Exactamente igual a ayer, igual al año pasado. Igual: con la misma risa, los mismos ojos salidos. Araña la vida rompiendo jarrones enjaulados, de arena engañosa y caliente. Tan caliente que quema las rodillas. El llanto no basta para espantar ardores típicos que persisten desde hace siglos en el lugar preciso en el que comenzaron a sentir (la hinchazón).
Sigue el paso: uno tras uno, dos, ocho. Termina y vuelve y, nuevamente, uno tras uno, dos, ocho. Y nuevamente, y nuevamente hasta desquiciarse de odio por tener pies (y boca que emita el número).

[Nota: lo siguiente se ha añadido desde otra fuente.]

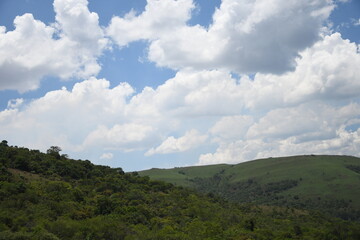 Obraz premium View of fields on the path with white clouds and green land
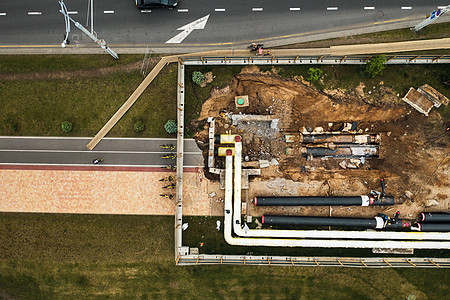 修复和更换明斯克的管道 更换城市的旧管道 修复城市 白俄罗斯施工下水道交通防水安装金属替代品沥青街道地球图片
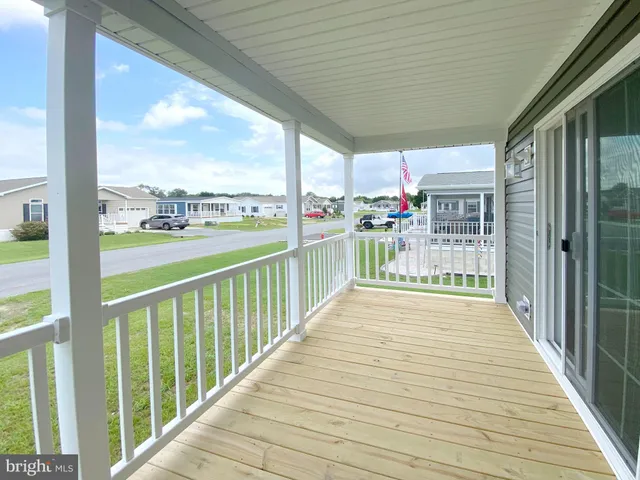 a view of a porch with wooden floor and outdoor space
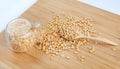 Whole grain soybeans in bottle and spoon on bamboo wooden board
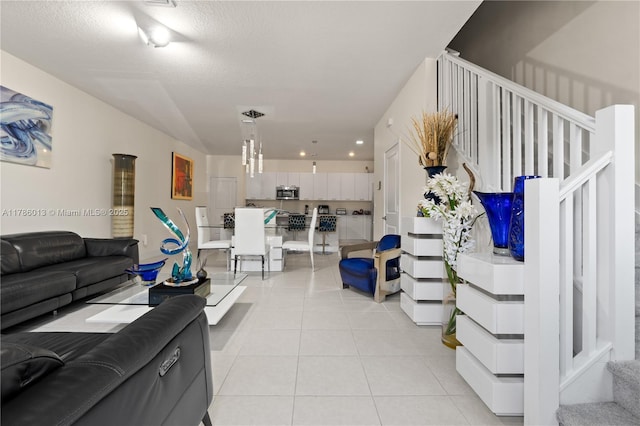 8292 NW 43rd St, Doral, FL 33166 - living room with light tile patterned flooring, stairway, and recessed lighting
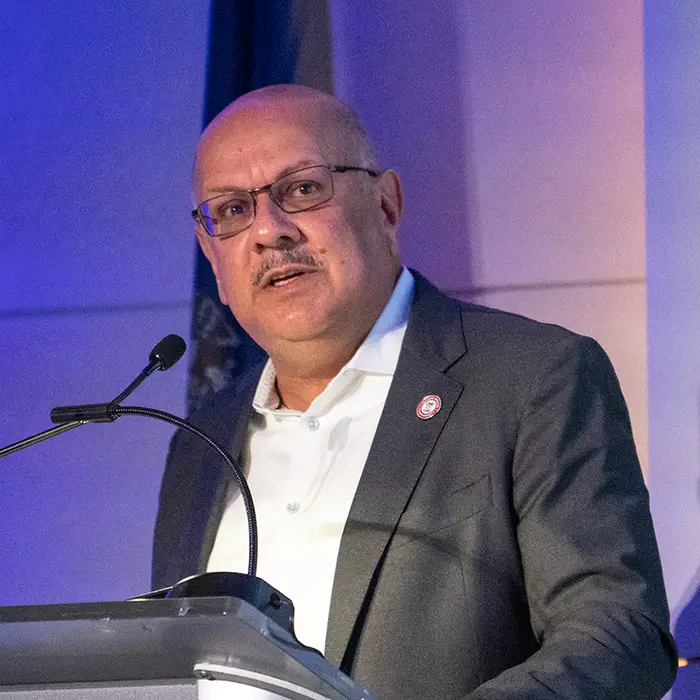 President Farnam Jahanian introduces Governor Josh Shapiro during the Council on Competitiveness and the Global Federation of Competitiveness Councils (GFCC) event.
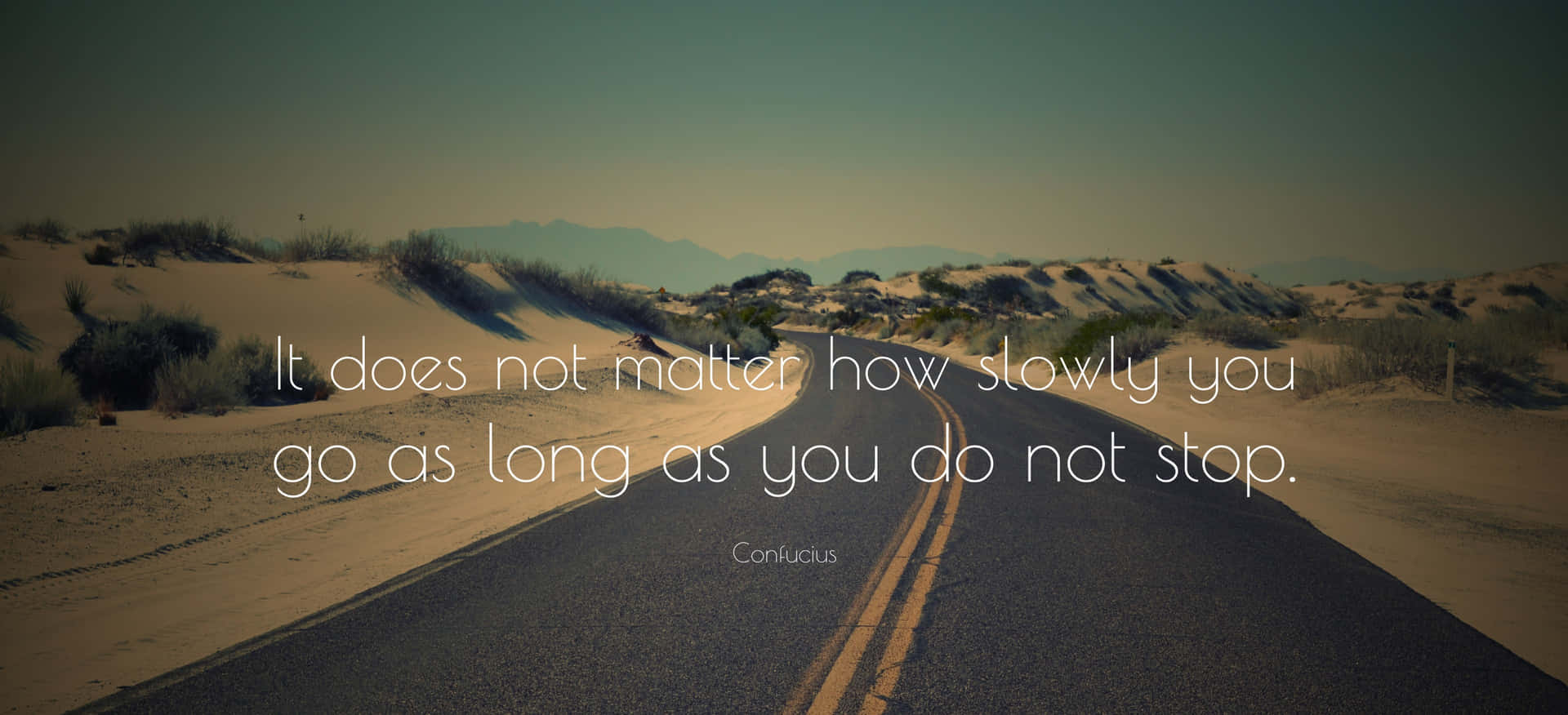 A Road With A Quote Saying Does Not Matter How You Go As Long As You Do Not Stop Background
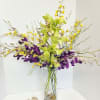 Tall orchid arrangement in a clear glass vase with yellow and purple blooms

Sin piedad, se sumerge entre diablos volátiles (de esos que soñamos). Se zambulle nada en nada y es feliz. Penetra en la sala de laboratorios, en la sala sola, en la sala escondida del fondo a la derecha. Sube un escalón y luego otro, y dos y ocho y nuevamente. Y nuevamente tartamudea en pensamientos, retrocede mente nueva. No le gusta. Recorre el pasillo, entra a la secretaría y un cartel le devuelve su grito afanoso: “vuelva, vuelva, vuelva cuando quiera”. Con la misma risa, los mismos ojos salidos, da media vuelta, toma el peine fino del bolsillo trasero y lo escupe (meditando y concluyendo en su cabellera inmunda). Continúa moviendo sus extremidades hasta que logra salir.
Baja el cordón de la vereda. Ruidos, ruidos. ¡Los de hacía dos segundos eran tan similares! Semáforo verde, azul, amarillo. Muerte. Nueva muerte. Lo único no rutinario.
El auto corre carrera como de costumbre (el auto rojo, casi fosforescente). Es sabida la carrera del sábado a las quince, la de todos los sábados a las quince (en punto).
Sale del pasillo, camina: uno, dos, tres, cuatro, cinco. No lo puede creer. Mira al cielo o al semáforo y muerte. Muerte sola como toda muerte cada día a esa hora.